At first glance, Hadoop is not a good fit for this solution. It takes file based inputs and produces file based outputs, so any individual piece of data moving though the system is limited by the speed at which an entire input set can be run through a cluster.
However, Hadoop has the following features that make it ideal for distributing work.
- The MapReduce abstraction is a very powerful one that can be applied to many different kinds of data transformation problems.
- The primary Mapper And Reducer interfaces are simple enough to allow many different developers to ramp up on the system in minimal time.
- HDFS allows the developer to not worry about where they put job data.
- Cluster setup and maintenance, thanks to companies like Cloudera (who fixed the issues I was seeing with S3, thanks!), is taken care of.
- The logic around distributing the work is completely partitioned away from the business logic that actually comprises the work.
- Jobs that fail are re-attempted.
- I'm sure there's more..
As our system scales, we can only assume that the number of concurrent inputs and therefore the system load will grow. If we were to take the lowest initial effort route and write our own multithreaded scheduler, we would have a much more straightforward solution.
However, as the workload grows to swamp a single machine, we would eventually end up having to deal with the headaches of distributed computing -- protocol, redundancy, failover/retry, synchronization, etc.
In fact, I was fully intending to write a quick scheduler app to stream data and throw it away when we reached a scale that required distribution, at which point I was going to use Hadoop. However I soon realized that I would be solving problems -- scheduling, data access, retry logic -- and those were just the initial non distributed issues -- that were already addressed by Hadoop.
Still, there is the high latency/inherent batchiness of Hadoop. In order to work around the high latency problem, we're trying to enable streaming between MapReduces via
SQS. The input of the entity data into the system and the various transforms of that data can be treated as a series of MapReduce clusters, where the transformation is done during the map, and any necessary collation is done during the reduce. The Reduce phase of each MapReduce can send a notification for the piece of data it has to the next MapReduce cluster.
Of course, it is really inefficient to run MapReduce over a single piece of data at a time. So the listener on each SQS queue buckets incoming messages using a max messages/max time threshold to aggregate data. When a threshold is reached, the system then writes the collected messages to a file that it then starts a MapReduce job on. This is mini batching, and as long as it delivers the data within the specified system latency, it's all good.
What we are doing is definitely a work in progress. The reason why is that there are several 'dials' in this process that need to be tuned and tweaked based on the size of the input data.
- number of messages/amount of time to wait.
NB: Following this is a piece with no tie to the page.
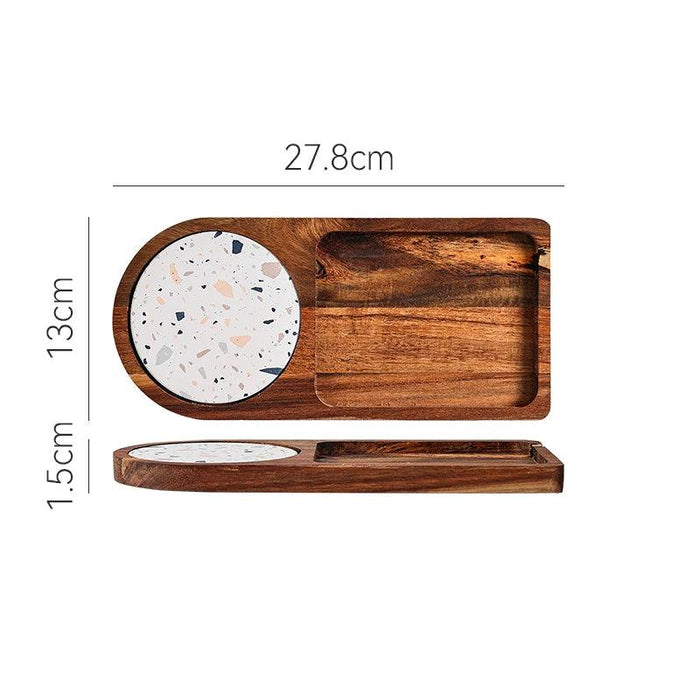 Charming Wooden Serving Tray for Elegant Tea and Snack Presentation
Of course, the larger the input files, the more 'efficient' the system. On the other hand, making those files larger may imply an increase in latency.
- number of concurrent jobs -- there is a sweet spot here -- it (again) doesn't make sense to launch 100 concurrent jobs. We will need to pay attention to how long a job takes before deciding to adjust the number of concurrent jobs up or down.
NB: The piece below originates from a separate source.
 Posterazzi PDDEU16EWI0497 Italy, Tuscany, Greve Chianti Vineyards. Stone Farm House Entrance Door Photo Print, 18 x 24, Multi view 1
- number of transformations -- the bucketing required implies that every transform has a built in latency, that factors into the overall latency.
- cluster size -- it makes no sense to run 20 nodes where 2 would suffice, but there will be times when 20 is necessary
Some of the dials may be adjustable on the fly -- sending messages to a cluster via an 'admin' queue allows us to change message size/max time/concurrent job numbers dyamically. Other dials may require a stop-reconfig-start of a cluster. One benefit of using SQS is that no messages are lost while we tweak these 'hard stop' dials.
We're not doing a classical MapReduce where we transform data and then collate it under a distinct key. We're doing simple transformations with the data. The reduce piece isn't really needed, because there is no collation to be done. Plenty of people use MapReduce this way, primarily because it allows them to easily decompose their logic into parallel processing units.
We are even going further by undermining one of the key strengths of MapReduce, the ability to operate on large chunks of data, and instead running lots of smaller jobs concurrently. The Hadoop framework makes this possible. I'm not sure how optimal this is, and expect that we will be tweaking the message size and concurrency dials for some time. One of the advantages that the underlying Hadoop framework offers us is flexibility, as evidenced by the kinds of dials we can tweak to get optimal system throughput and latency.
I'll keep updating as we learn more about how the system behaves, and what the 'right' settings of the dials are based on the amount of data being input. I don't know if this is necessarily the most correct or elegant way to build a pipeline, but I do know that it is a good sign the Hadoop framework is this flexible.